Politics in Absentia

Baba Ramdev’s agitation is a result of the political vacuum in the country and the connect he enjoys with followers of his yoga

 

It is easy to be uncharitable about Baba Ramdev and his anti-corruption crusade. Coming on the heels of another movement led by another rustic sage, one could be forgiven for describing it as the new circus in town, seeking to speak similar needs but with a somewhat different cast of characters. Having tried and failed in his attempt to crash an earlier party, he has thrown his own, and it seems to be working, at least in as much as it allows him to hog headlines and become the subject of ‘breaking news’ captions.

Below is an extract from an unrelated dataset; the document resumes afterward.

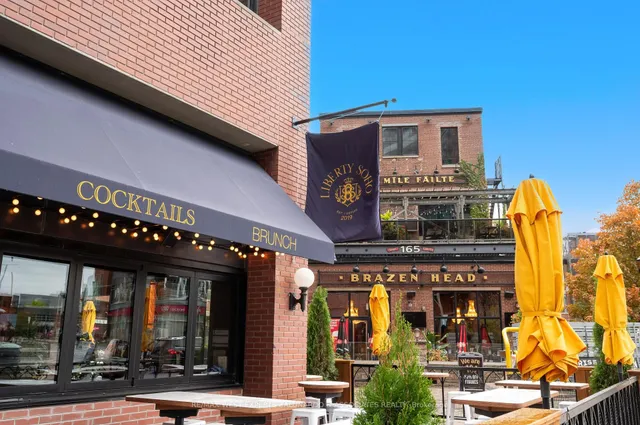 Additional image 45 of 59 East Liberty St Unit 315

Perhaps, the key to understanding the Ramdev phenomenon lies in the nature of today’s constructed reality. It seems easy for anyone with the ability to mobilise a few thousand people and do so in Delhi, for whatever cause they represent, to become an apparently national phenomenon. Of course, it is critical for this cause to have resonance with the middle class; a few lakh farmers agitating for more transparent land acquisition are only a giant traffic nuisance and more marginal constituencies are curiosity pieces, if even that. In a country where mobilising people has never been a great problem, it is strange that such importance has begun to be given to the kind of numbers that a Ramdev attracts.

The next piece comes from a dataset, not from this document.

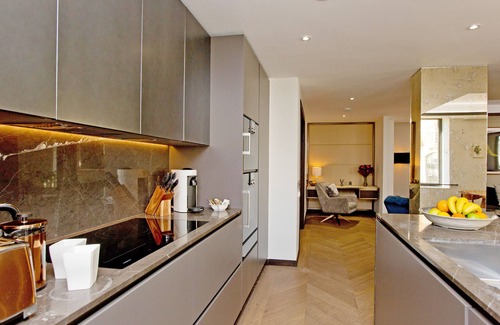Soho Apartment | 37GS Residences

What it points to is that the idea of a national issue, or anything that goes under the name of national mainstream, might well be under threat or at least under active reconstruction. What we call the national agenda now stops on the edges of a television set; a frameful of reality is all it takes to create a sense of the present. The anti-corruption movement gains in scale by multiplying the actual size of the protest with the anger stored up in the constituency that buys into the movement, which in turn gets exponentially magnified by the kind of media coverage it receives. In a real sense, politics has gravitated state-wards, leaving the national arena to stage props like party spokespersons and permanently apoplectic media anchors. It is unfair to label the Anna Hazare and Baba Ramdev-led movements as media creations, not because it is untrue, but because almost anything that flies under the flag of the ‘national’ shares the same characteristic.

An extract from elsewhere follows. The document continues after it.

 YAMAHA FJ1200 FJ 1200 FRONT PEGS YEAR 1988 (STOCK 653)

There is another aspect at work, too. The presence of so many spiritual leaders in the Anna Hazare movement, which otherwise aspired to a secular status, was noteworthy. In a larger sense, a nexus seems to exist between godmen of various hues and politicians, one that was much in evidence even when it came to serious negotiations with the government. The spiritual leader derives his legitimacy from commanding a constituency that flocks to him of its own volition and over which he has considerable influence. The influence that is exercised is not contingent on him making any promises that are specific or verifiable, and hence enjoys immunity from being found out, an immunity that politicians do not enjoy. The unspecific nature of the clout is very useful in creating a pressure group that is scalar in nature, unlike that formed by Team Anna, which had some very specific goals. Ramdev does not ask for anything terribly tangible, and this allows him to keep asking for it. It also makes him attractive to political parties that can be seen to be supporting the anti-corruption cause without having to do anything about it. Ramdev’s movement creates an anti-Congress platform that has a reasonable media-inflated scale, but no political cost to anyone involved.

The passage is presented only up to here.